One early instance of gay activism in South Africa involved three teenaged gay boys who 1994 went to their (Western, Christian) school "wearing make-up and their own versions of the girls’ red and black uniform. Dumisani recalled that Ayanda wore a particularly tight skirt, while he and Siyanda opted to wear trousers and high-heel shoes" (142).  They weren't harassed or criticized, and reported that even the teachers encouraged them.  Activism as such doesn't have a dress code, no matter that some factions try to impose one.

One reason the "modern" construction of "the homosexual" was developed was because the traditional ones were inadequate.  There were many people the gendered model didn't fit; maybe most people. Judging from Reid's account, ladies aren't all that interested in what gents think about their involvement with feminine but male-bodied partners.  The lady/gent model relies, in fact, on neither partner thinking about it very much.  This is performance (though not performativity).  The model works all right for some of them, though there are a number of acknowledged problems with it: miners may have provided for their boy-wives, but the township gents don't provide for their ladies -- usually it's the other way around, and ladies complain a lot about "gold diggers" who are only interested in them for their money.  It wouldn't do, of course, for anyone to point out that in this respect the gents are playing a "woman's" role, but that's one of the contradictions in the lady/gent model.

What happens if a gent starts to realize that he likes, even prefers, a male-bodied partner?  That's the beginnings of a "modern" gay identity.  It really has nothing to do with modernity per se, nor with the West.  It seems to me that many modern, even post-modern, Western queer theorists want to privilege heterosexuality: it annoys them as much as it does a Christian traditionalist that some people have rebelled against the assumption that sexuality inherently and inevitably must involve a male and a female partner, whether anatomical or fictive, against the evidence that many people discover and reinvent a nongendered pattern all by themselves.  Instead these postmodern Westerners agree with the traditionalists by blaming homosexuality on foreign influence and contamination: no one would have done this if "modern" "Western" "international" outside agitators hadn't corrupted their innocent minds.

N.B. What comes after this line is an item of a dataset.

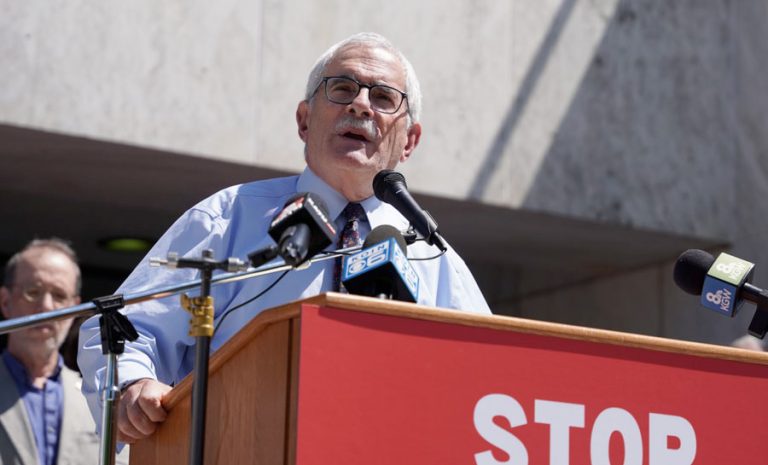 State Sen. Jeff Golden, D-Ashland, speaks during a press conference about the Senate Republican walkout on June 6, 2023. Oregon Capital Chronicle photo by Julia Shumway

Many people claim that "gay" is too narrow a category to work as an identity, though the adoption and redefinition of the word around the world indicates the opposite.  But the lady/gent model of male/male sexuality is too narrow a category even in the townships of South Africa.  It excludes people who practice homosexuality in a less-gendered or non-gendered way, and not by accident.

I recognize that many people react to the discovery of a non-gendered homosexuality by rejecting and denigrating gendered homosexuality, claiming authenticity only for their preferred pattern.  I don't want to claim that either model has more authenticity or should be privileged.  Both models are real and authentic. I think we need to recognize that there is not only one way to feel, act on, and construct "homosexuality" -- no one model represents "real gays"; real gays come in a variety of models -- but can we?  Many people's brains shut down in the face of the problem.  I don't believe it's inevitable, but clearly a more accurate picture of sexuality, which recognizes its complexity and contradictions, is more difficult to hold onto and use, even in academic work, than I thought.  What I think is needed is an "identity" that can cover a variety of styles of same-sex eroticism.  We already have one, "gay", which doesn't have a pejorative history as "queer" does, and it has caught on around the world.  It might be that it has done so because it's not indigenous in other cultures; on the other hand, it is usually assimilated to local models, as it was in South Africa.